Data extracted from a collection:
————

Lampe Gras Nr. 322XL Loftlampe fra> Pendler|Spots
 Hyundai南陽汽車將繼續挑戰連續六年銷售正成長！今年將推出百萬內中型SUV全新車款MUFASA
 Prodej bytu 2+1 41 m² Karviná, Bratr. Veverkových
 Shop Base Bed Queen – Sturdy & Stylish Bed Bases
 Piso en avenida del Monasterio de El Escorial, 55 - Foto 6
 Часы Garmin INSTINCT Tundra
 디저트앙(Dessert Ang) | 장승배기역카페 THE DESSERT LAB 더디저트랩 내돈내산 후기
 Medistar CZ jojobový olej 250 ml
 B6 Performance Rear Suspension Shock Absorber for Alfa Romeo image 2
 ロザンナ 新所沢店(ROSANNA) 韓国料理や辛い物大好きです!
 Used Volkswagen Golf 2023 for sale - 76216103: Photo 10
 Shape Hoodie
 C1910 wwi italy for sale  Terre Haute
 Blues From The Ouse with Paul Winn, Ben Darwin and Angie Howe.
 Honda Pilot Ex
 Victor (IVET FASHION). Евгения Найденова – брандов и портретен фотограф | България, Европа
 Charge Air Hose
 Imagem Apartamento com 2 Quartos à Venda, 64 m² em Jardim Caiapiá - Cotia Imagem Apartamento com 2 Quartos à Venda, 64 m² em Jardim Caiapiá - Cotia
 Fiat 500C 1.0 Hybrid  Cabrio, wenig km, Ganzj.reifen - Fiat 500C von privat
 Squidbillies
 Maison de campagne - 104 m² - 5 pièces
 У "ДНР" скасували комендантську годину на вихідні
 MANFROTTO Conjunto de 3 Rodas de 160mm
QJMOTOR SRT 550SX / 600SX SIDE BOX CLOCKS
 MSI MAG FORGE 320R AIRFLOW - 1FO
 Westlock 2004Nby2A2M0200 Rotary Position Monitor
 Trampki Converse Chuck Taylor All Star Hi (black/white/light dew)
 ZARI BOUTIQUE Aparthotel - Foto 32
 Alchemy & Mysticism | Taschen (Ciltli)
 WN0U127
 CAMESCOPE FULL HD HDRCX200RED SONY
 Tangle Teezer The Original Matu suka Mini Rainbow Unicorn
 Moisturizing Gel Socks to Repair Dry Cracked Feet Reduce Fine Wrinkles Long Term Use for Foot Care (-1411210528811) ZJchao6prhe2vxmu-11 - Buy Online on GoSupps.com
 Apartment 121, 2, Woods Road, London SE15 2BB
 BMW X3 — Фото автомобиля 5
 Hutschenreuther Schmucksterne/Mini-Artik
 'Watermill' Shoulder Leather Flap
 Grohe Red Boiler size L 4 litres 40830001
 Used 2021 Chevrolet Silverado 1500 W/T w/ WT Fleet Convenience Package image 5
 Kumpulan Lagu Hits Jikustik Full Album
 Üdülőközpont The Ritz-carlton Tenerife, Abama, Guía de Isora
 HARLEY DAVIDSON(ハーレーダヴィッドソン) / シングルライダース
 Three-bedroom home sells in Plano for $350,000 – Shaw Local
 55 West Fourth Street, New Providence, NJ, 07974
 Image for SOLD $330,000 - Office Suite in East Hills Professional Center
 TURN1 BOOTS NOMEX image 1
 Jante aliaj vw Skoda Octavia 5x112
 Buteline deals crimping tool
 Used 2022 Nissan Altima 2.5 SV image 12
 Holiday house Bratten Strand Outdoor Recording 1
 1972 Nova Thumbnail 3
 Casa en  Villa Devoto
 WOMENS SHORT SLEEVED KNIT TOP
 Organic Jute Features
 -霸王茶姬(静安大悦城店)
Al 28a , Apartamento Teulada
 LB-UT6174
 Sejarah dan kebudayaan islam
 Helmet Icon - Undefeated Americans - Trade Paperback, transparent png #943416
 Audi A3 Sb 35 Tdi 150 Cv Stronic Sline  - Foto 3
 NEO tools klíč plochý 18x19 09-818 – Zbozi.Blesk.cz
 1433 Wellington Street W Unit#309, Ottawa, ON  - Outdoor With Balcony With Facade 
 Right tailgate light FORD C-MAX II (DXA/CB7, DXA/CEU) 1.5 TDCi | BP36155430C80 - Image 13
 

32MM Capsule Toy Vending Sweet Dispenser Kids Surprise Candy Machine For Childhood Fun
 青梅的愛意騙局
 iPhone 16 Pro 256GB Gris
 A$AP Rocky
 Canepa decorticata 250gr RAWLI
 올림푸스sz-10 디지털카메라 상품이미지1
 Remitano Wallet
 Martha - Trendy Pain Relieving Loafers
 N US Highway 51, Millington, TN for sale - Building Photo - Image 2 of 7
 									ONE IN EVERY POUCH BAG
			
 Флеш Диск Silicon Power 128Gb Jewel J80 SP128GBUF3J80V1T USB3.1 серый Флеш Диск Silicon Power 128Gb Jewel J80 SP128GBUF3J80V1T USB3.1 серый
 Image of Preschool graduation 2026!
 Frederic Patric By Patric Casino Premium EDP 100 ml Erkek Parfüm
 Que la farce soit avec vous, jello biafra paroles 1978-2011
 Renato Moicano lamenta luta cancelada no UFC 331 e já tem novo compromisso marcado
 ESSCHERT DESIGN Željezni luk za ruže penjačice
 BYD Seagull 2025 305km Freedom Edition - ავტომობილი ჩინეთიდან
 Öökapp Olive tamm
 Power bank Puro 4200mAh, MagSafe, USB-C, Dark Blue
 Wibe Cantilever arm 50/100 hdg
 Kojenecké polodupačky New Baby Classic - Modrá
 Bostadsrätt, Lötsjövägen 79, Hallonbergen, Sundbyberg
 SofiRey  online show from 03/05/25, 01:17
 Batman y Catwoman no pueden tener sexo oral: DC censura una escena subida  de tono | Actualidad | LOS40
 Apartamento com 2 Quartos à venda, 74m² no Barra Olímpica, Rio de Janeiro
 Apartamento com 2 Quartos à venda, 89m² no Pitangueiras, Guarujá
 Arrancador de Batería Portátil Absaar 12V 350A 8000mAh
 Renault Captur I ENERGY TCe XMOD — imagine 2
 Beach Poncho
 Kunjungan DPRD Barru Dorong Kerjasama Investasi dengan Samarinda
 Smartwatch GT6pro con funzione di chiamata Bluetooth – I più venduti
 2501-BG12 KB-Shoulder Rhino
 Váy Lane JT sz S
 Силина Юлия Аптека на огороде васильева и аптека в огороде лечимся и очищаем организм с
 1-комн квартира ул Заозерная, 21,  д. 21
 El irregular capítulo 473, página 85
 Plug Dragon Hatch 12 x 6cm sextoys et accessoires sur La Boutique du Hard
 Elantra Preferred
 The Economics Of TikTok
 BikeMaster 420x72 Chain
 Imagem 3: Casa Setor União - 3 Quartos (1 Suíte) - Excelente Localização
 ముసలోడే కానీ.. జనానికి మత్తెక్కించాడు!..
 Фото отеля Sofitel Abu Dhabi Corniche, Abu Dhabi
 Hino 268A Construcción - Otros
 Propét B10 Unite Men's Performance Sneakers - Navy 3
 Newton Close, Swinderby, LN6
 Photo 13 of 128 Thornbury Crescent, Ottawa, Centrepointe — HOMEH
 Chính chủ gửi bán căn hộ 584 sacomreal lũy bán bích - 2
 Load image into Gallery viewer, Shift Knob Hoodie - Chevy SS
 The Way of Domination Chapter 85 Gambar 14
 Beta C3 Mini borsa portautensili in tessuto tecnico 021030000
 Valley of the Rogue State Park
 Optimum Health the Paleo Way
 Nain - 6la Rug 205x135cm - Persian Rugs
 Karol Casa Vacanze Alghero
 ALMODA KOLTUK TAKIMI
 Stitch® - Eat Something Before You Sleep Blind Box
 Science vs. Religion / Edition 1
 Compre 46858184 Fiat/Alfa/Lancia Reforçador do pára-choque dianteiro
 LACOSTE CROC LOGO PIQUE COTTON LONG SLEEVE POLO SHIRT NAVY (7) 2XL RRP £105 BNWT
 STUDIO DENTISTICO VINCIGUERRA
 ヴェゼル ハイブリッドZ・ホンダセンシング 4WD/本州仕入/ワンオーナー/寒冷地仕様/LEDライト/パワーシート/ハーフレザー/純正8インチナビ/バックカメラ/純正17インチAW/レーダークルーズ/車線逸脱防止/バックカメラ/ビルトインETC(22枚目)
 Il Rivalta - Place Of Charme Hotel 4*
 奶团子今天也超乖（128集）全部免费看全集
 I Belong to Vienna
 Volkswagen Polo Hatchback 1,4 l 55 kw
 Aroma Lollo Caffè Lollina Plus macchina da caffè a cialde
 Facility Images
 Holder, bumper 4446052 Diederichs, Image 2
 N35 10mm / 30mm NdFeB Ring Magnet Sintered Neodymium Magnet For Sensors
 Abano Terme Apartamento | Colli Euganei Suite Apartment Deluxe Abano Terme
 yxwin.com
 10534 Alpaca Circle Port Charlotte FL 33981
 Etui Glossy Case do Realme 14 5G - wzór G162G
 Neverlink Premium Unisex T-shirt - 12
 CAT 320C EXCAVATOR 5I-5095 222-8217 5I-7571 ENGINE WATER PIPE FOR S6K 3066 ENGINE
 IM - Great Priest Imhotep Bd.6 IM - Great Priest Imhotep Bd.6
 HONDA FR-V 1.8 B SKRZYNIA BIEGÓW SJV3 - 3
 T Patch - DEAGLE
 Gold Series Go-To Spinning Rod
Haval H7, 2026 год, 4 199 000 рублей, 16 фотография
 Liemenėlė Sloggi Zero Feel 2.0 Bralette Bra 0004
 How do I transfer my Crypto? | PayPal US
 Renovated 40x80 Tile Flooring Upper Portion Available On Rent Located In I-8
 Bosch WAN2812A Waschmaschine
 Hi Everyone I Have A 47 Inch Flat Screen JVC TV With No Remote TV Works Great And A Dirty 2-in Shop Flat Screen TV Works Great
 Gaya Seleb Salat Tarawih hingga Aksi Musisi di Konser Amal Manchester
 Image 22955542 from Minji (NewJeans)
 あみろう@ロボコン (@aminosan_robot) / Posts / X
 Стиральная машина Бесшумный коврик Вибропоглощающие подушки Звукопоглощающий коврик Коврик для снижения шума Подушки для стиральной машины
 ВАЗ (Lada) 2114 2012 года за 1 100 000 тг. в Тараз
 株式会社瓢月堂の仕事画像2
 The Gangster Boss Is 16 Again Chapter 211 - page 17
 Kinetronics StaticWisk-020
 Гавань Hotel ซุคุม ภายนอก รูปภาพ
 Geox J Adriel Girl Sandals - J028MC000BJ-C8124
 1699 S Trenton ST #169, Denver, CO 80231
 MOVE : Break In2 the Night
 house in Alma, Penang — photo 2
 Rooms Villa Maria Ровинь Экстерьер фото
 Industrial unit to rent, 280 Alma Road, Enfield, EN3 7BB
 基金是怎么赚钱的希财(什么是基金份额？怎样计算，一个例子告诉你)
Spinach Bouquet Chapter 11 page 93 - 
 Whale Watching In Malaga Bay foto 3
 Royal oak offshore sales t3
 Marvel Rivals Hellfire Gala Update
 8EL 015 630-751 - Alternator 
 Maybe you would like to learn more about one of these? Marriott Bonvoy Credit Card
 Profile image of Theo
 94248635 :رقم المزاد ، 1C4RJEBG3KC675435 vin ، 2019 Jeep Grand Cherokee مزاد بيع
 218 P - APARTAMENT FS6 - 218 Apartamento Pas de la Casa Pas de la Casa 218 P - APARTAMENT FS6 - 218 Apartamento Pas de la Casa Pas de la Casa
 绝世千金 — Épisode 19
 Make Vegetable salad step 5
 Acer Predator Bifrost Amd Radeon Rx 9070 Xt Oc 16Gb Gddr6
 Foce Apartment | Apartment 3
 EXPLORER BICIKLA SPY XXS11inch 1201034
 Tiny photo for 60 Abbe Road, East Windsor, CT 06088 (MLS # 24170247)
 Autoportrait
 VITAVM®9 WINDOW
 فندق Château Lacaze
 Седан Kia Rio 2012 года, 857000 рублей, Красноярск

————

## Instructions to follow
Produce an exact copy of the lines from the one containing "فندق Château Lacaze" through the final line of the data, both ends included, and only those.

## Answer to the problem
 فندق Château Lacaze
 Седан Kia Rio 2012 года, 857000 рублей, Красноярск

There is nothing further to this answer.